As the AG contends, fundamental errors in the determination of the methodology applicable to the profit allocation for the purposes of calculating the tax base of a non-resident company operating through a branch may necessarily lead to an undervaluation of those profits compared to an arm’s length result, and are therefore inherently or manifestly capable of reducing the tax burden of that company compared with normal taxation. In such cases, the Commission, in order to prove the existence of a selective advantage within the meaning of Article 107(1) TFEU, may rely on proof of the existence of such an error and on the fact that the Member State concerned has failed to demonstrate that it has no effect on whether the level of profits thus calculated corresponds to an arm’s length value. The General Court therefore incorrectly assessed where the standard of proof lies, in the case of decisions such as that at issue, the AG contends. 

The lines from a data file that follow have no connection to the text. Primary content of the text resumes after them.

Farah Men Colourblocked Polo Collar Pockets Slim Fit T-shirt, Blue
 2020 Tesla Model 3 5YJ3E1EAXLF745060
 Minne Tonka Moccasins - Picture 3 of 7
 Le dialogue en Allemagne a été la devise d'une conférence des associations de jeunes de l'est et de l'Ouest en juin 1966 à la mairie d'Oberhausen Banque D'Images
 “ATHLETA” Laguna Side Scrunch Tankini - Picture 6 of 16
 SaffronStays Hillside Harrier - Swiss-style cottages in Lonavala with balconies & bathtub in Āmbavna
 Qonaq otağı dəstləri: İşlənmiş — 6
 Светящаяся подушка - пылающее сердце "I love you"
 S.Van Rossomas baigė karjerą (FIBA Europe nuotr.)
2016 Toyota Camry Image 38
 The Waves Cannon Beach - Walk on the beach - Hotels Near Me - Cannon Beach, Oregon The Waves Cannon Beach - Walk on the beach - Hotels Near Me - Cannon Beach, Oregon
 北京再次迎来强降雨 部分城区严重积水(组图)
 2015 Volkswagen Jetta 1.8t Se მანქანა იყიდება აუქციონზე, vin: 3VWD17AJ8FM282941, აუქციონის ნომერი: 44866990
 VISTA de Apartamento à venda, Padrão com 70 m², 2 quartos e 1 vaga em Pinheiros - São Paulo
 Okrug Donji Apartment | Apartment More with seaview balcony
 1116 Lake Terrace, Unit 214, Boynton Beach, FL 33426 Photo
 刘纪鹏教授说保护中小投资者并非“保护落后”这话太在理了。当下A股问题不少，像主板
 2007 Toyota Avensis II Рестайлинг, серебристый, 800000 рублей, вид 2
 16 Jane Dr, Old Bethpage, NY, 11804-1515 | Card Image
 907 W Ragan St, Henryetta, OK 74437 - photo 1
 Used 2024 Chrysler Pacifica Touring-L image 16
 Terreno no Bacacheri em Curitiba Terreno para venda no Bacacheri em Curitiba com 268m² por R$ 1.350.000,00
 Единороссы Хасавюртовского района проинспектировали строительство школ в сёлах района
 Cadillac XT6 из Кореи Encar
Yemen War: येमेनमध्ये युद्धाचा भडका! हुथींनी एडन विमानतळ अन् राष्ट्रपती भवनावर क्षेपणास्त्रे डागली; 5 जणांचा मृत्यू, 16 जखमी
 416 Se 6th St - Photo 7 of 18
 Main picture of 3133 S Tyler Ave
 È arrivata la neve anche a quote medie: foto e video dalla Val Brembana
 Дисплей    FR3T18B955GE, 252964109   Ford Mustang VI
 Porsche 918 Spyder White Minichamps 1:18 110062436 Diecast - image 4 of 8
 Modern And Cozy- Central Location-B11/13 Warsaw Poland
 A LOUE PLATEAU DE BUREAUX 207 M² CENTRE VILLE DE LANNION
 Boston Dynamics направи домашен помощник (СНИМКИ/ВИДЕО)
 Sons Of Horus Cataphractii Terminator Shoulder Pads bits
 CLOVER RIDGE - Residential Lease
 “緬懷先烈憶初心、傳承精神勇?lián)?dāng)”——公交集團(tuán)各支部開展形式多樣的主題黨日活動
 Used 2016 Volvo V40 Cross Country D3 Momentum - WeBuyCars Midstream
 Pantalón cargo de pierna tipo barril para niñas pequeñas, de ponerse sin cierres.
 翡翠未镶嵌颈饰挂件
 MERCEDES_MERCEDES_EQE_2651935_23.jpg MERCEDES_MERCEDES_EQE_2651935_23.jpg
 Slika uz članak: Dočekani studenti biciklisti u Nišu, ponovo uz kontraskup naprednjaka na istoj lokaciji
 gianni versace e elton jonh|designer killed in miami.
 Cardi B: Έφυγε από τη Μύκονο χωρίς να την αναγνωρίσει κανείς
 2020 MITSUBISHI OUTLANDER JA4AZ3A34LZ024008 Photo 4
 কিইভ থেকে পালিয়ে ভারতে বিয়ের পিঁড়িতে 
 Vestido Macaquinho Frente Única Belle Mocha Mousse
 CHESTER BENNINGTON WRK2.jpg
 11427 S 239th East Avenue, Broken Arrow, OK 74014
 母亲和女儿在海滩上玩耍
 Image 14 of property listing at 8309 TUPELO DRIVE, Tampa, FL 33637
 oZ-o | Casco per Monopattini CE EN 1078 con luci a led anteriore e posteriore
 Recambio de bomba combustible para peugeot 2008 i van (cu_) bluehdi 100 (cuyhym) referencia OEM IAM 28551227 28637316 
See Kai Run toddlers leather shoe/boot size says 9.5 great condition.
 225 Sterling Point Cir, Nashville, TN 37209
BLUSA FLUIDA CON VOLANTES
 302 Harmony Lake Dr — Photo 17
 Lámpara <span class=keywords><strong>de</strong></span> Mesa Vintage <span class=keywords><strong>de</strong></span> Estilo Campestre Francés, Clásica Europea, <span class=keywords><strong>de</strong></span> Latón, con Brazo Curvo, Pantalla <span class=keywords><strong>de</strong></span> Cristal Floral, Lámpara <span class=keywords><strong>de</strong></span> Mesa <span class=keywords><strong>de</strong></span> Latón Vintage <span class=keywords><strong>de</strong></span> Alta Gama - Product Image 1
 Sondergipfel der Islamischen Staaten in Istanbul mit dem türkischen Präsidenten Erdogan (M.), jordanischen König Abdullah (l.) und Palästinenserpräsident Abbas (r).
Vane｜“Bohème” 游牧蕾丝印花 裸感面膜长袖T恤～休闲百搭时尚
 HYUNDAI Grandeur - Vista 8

The AG also accepts Commission’s submission that the General Court’s conclusions are based on an incorrect classification of ASI’s Irish branch as a routine logistical risk-free service provider. In so far as that classification depends on the correct application of the principles laid down in the OECD Transfer Pricing Guidelines on which Apple and Ireland relied to justify ex post the advance decisions as well as the appropriateness of the operating costs as the profit level indicator of the ASI branch, the arguments raised by the Commission do not fall outside the limits of the Court’s review of the facts at the appeal stage, the AG argues. With relation to the applicability of the recent Fiat case, where the Court stated that without harmonisation the methods and criteria for determining an arm’s length outcome rest with Member states, the AG stressed that the Apple case differs from Fiat Chrysler, therefore rejecting that paragraph 95 of the Fiat judgment applies to the Apple case. On the basis of the above analysis, the AG’s opinion contends the Commission’s appeal is well founded thus advising the ECJ to set aside the General Court judgment. 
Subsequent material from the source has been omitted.